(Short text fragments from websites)
========================================================================

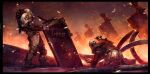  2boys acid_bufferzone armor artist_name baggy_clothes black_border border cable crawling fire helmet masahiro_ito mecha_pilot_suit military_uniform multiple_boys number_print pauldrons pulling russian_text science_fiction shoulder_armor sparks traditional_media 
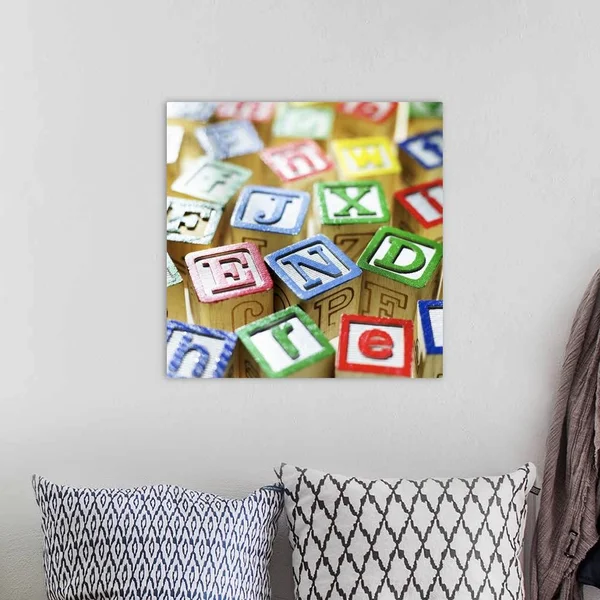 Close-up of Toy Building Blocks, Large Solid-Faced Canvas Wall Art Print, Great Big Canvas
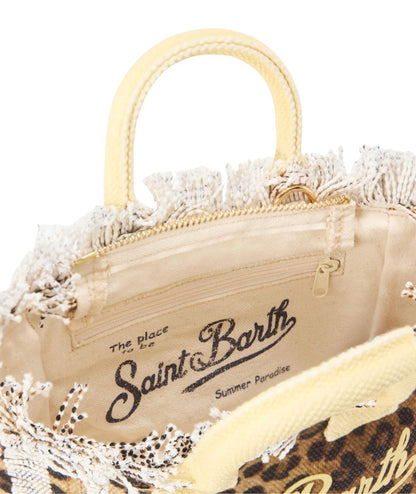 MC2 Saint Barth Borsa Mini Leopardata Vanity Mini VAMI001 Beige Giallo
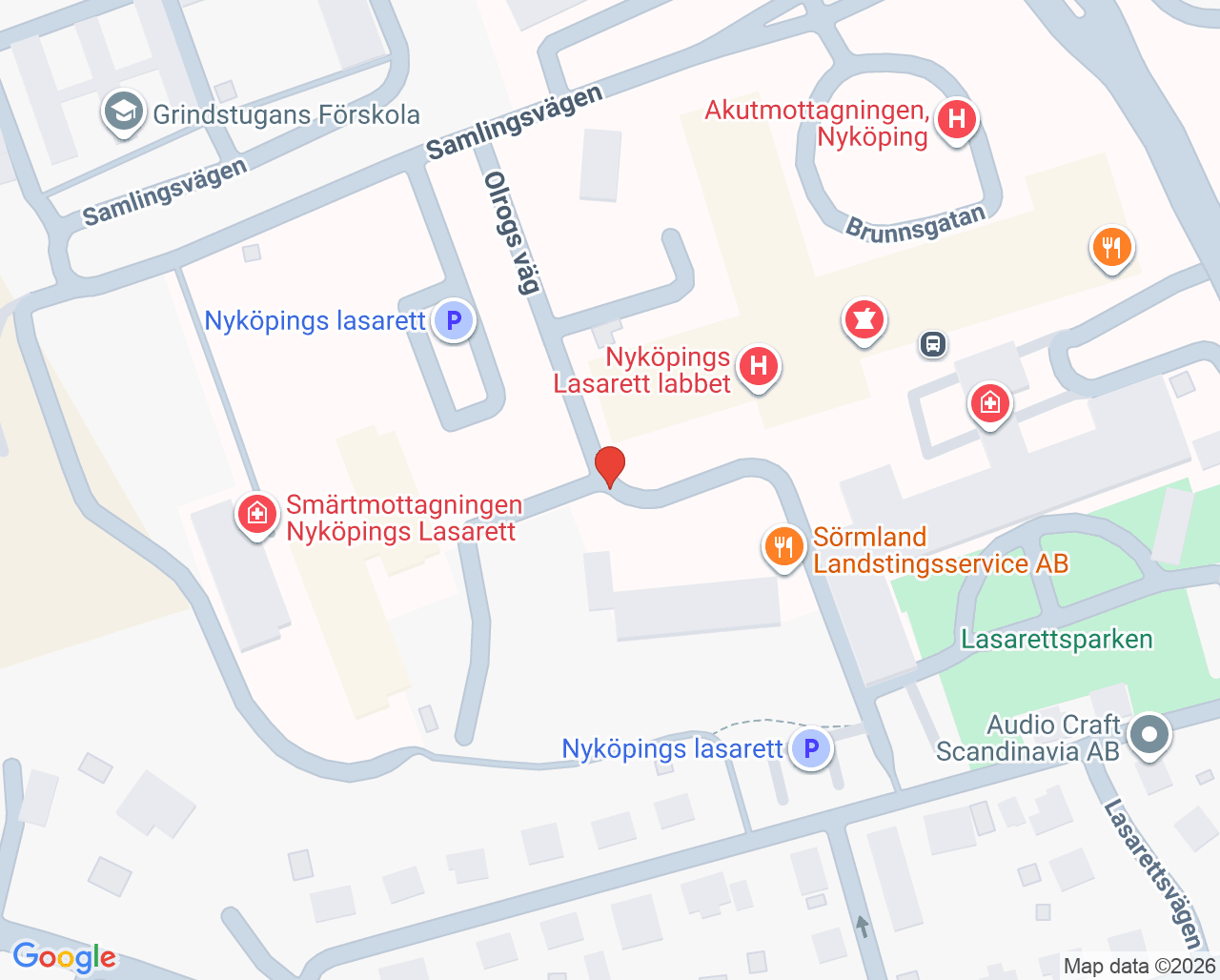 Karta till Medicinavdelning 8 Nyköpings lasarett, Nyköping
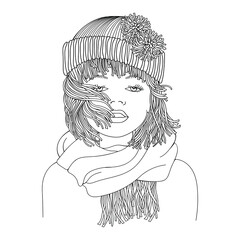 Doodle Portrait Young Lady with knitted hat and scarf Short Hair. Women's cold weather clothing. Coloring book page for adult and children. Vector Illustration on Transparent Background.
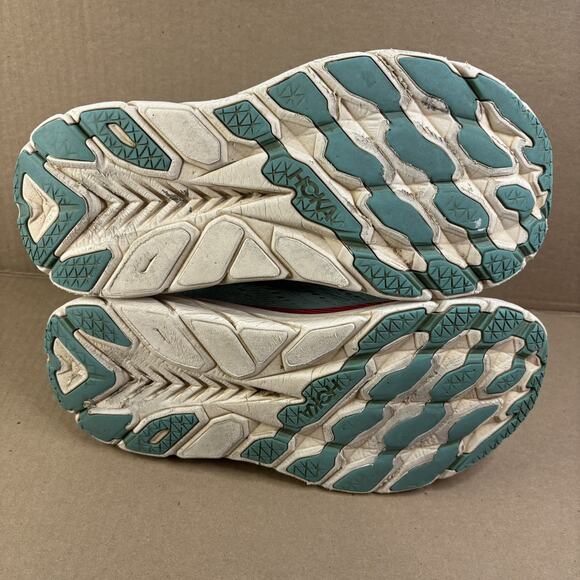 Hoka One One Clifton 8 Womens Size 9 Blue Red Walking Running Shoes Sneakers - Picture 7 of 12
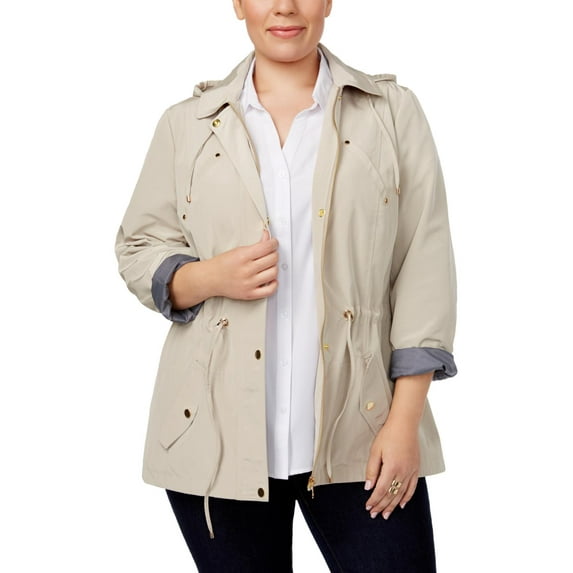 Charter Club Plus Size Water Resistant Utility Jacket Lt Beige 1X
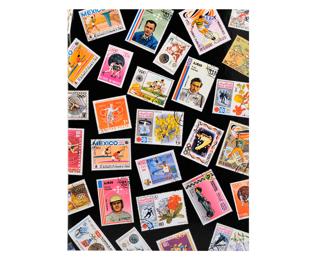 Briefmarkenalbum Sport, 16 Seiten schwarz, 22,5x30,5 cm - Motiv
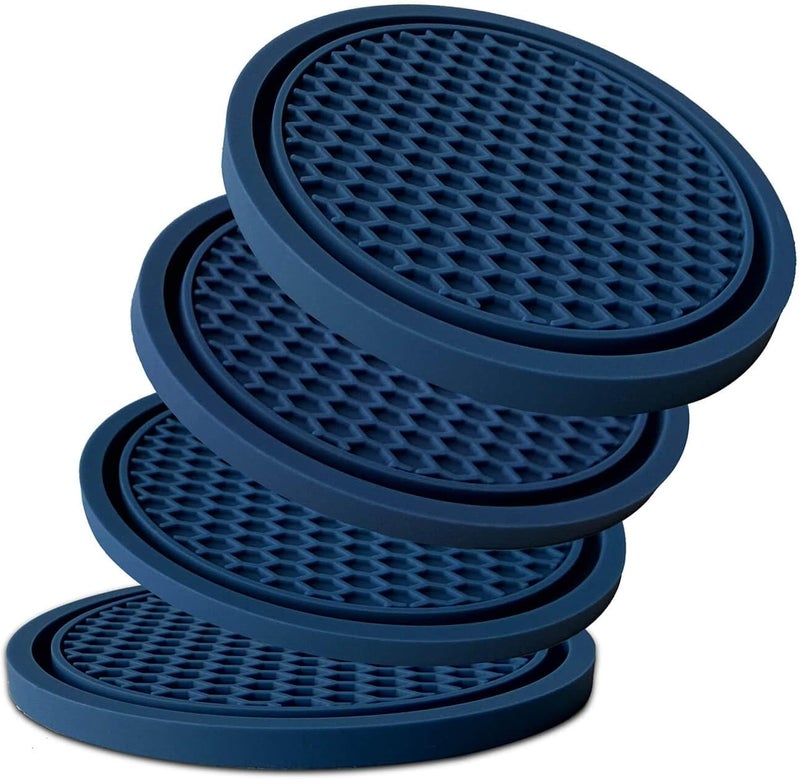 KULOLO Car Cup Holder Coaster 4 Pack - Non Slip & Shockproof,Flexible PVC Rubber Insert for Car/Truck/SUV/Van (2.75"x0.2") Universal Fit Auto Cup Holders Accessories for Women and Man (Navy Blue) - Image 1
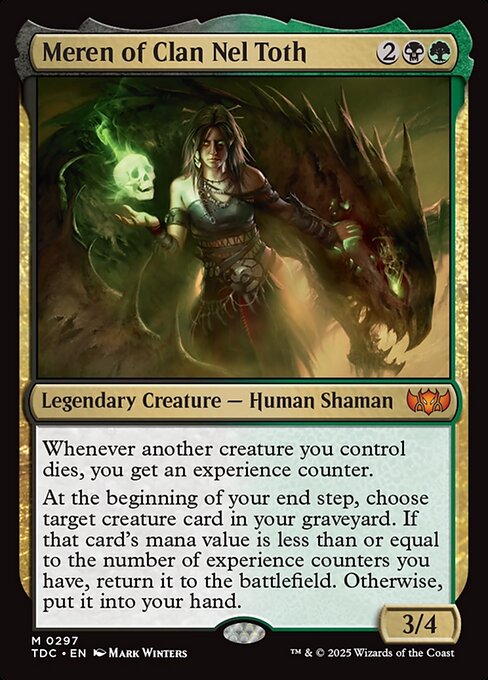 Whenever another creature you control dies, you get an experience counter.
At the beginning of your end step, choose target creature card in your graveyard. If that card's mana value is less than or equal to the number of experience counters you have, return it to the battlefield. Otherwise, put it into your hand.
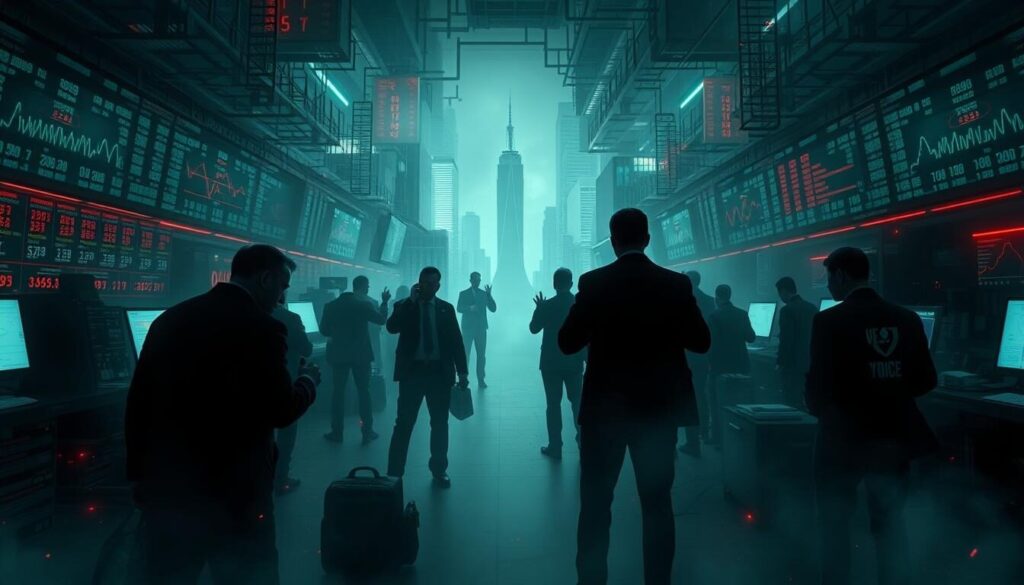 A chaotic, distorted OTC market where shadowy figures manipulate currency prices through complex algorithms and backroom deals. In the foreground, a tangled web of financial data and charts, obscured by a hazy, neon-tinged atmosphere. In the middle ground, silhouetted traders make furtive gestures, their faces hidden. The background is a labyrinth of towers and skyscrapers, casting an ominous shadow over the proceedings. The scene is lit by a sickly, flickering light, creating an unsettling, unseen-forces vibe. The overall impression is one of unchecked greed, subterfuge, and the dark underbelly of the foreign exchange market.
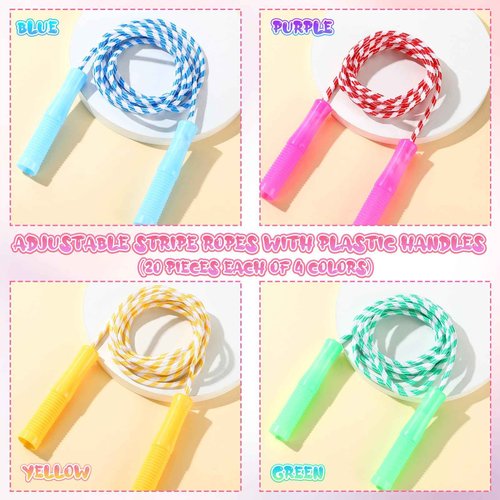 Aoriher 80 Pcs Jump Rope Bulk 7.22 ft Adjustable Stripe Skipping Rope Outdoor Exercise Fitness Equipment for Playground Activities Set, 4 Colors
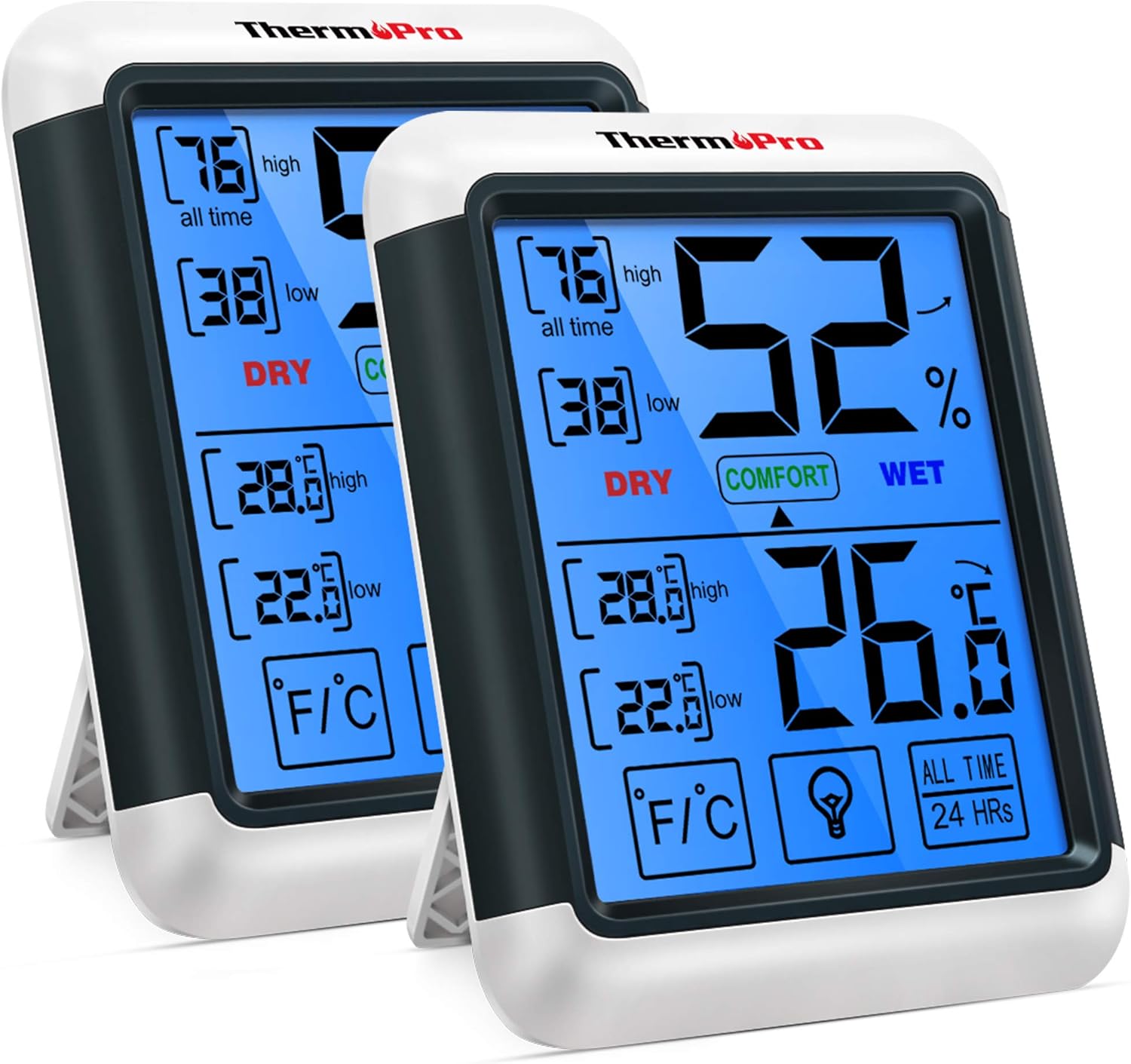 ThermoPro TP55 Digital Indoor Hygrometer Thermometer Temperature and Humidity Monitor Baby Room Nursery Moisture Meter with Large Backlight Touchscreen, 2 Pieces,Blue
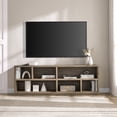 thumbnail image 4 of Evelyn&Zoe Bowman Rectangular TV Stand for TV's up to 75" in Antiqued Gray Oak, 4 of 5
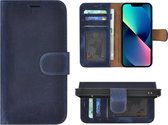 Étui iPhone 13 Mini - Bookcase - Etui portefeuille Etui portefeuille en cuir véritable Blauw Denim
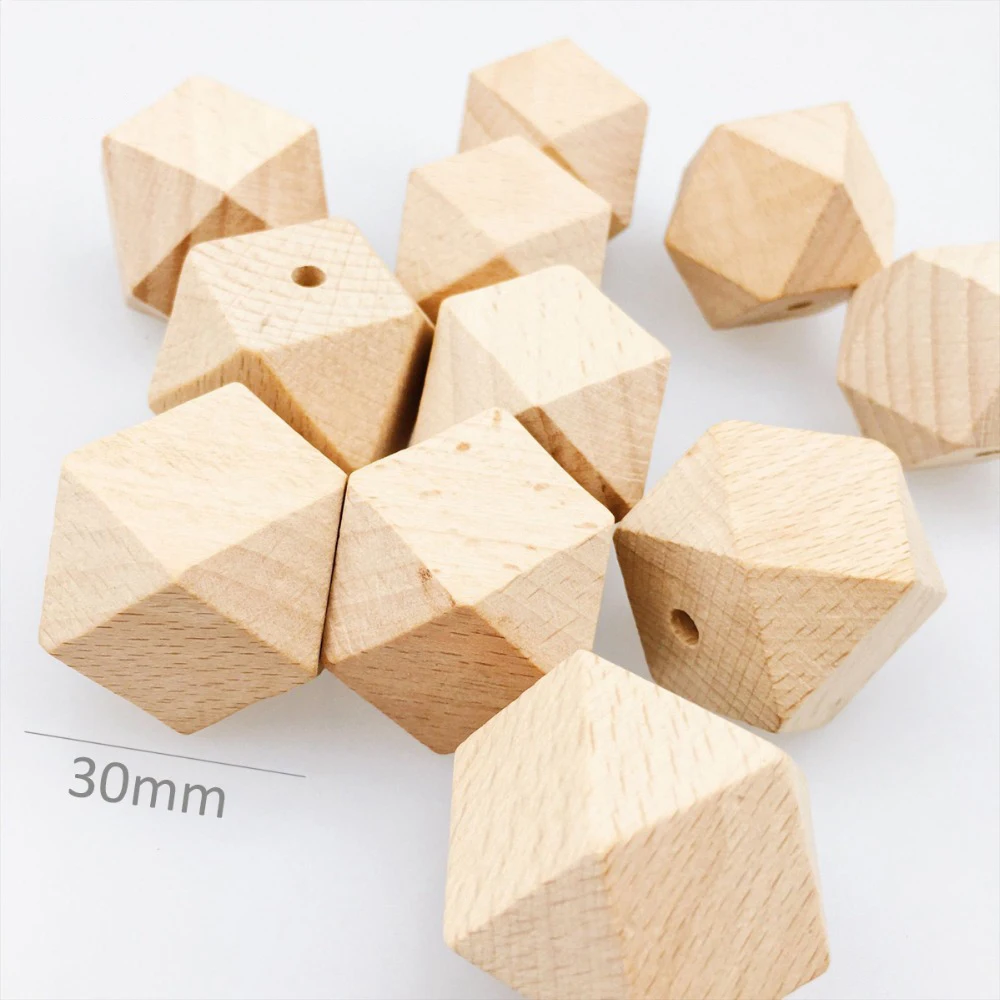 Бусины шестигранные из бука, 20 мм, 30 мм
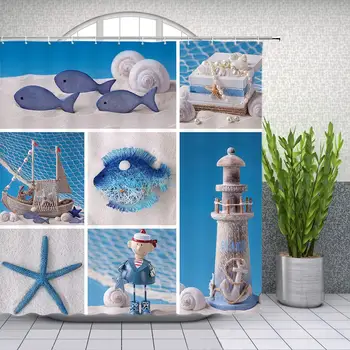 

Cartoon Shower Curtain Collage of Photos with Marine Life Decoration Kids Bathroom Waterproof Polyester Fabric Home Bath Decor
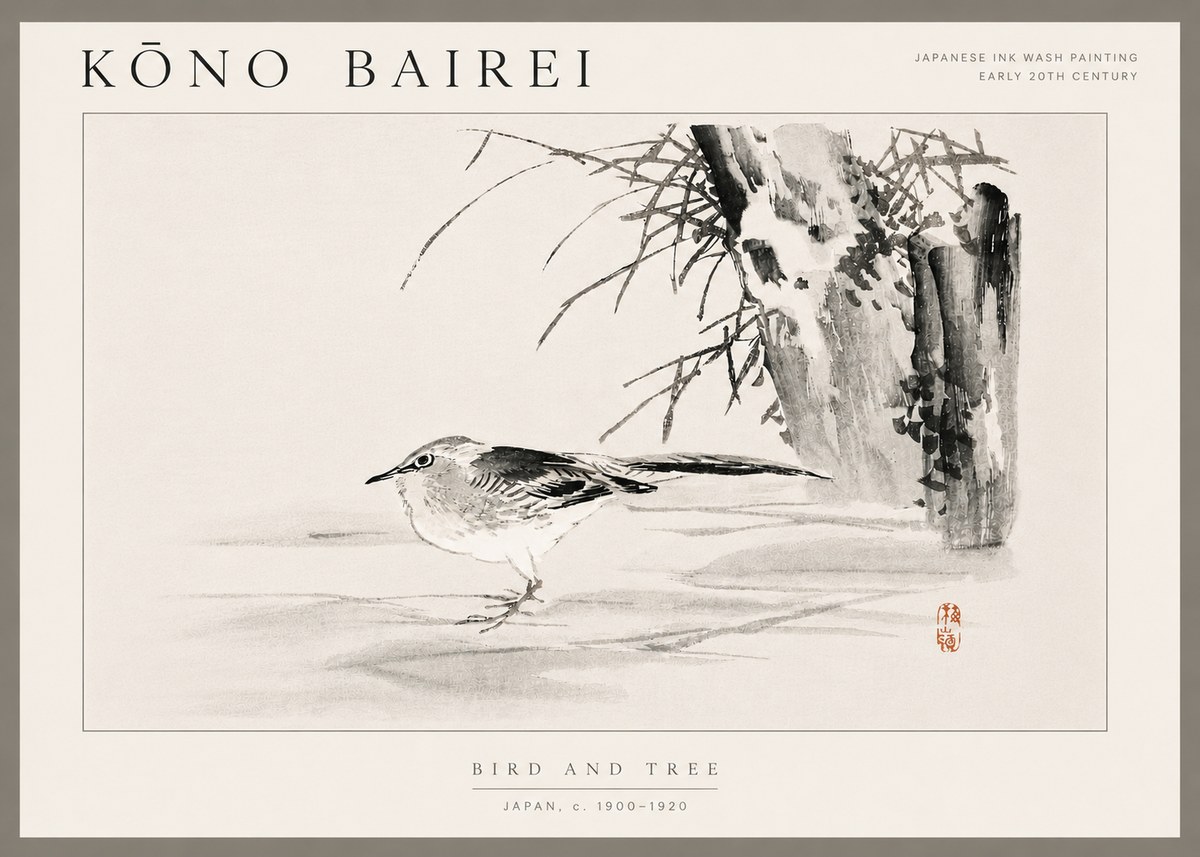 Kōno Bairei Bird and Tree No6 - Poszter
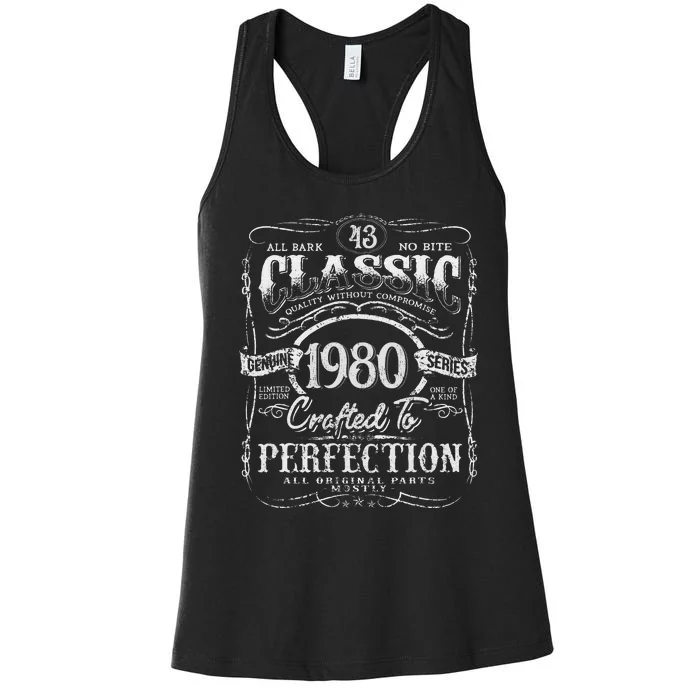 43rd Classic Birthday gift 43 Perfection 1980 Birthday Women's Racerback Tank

========================================================================

◆ What is required:
Please output exactly the lines from the line containing "Aoriher 80 Pcs" through the last line of the records above, both included, and leave out any pictures.

◆ Written reply:
 Aoriher 80 Pcs Jump Rope Bulk 7.22 ft Adjustable Stripe Skipping Rope Outdoor Exercise Fitness Equipment for Playground Activities Set, 4 Colors
 ThermoPro TP55 Digital Indoor Hygrometer Thermometer Temperature and Humidity Monitor Baby Room Nursery Moisture Meter with Large Backlight Touchscreen, 2 Pieces,Blue
 thumbnail image 4 of Evelyn&Zoe Bowman Rectangular TV Stand for TV's up to 75" in Antiqued Gray Oak, 4 of 5
 Étui iPhone 13 Mini - Bookcase - Etui portefeuille Etui portefeuille en cuir véritable Blauw Denim
 Бусины шестигранные из бука, 20 мм, 30 мм

Cartoon Shower Curtain Collage of Photos with Marine Life Decoration Kids Bathroom Waterproof Polyester Fabric Home Bath Decor
 Kōno Bairei Bird and Tree No6 - Poszter
 43rd Classic Birthday gift 43 Perfection 1980 Birthday Women's Racerback Tank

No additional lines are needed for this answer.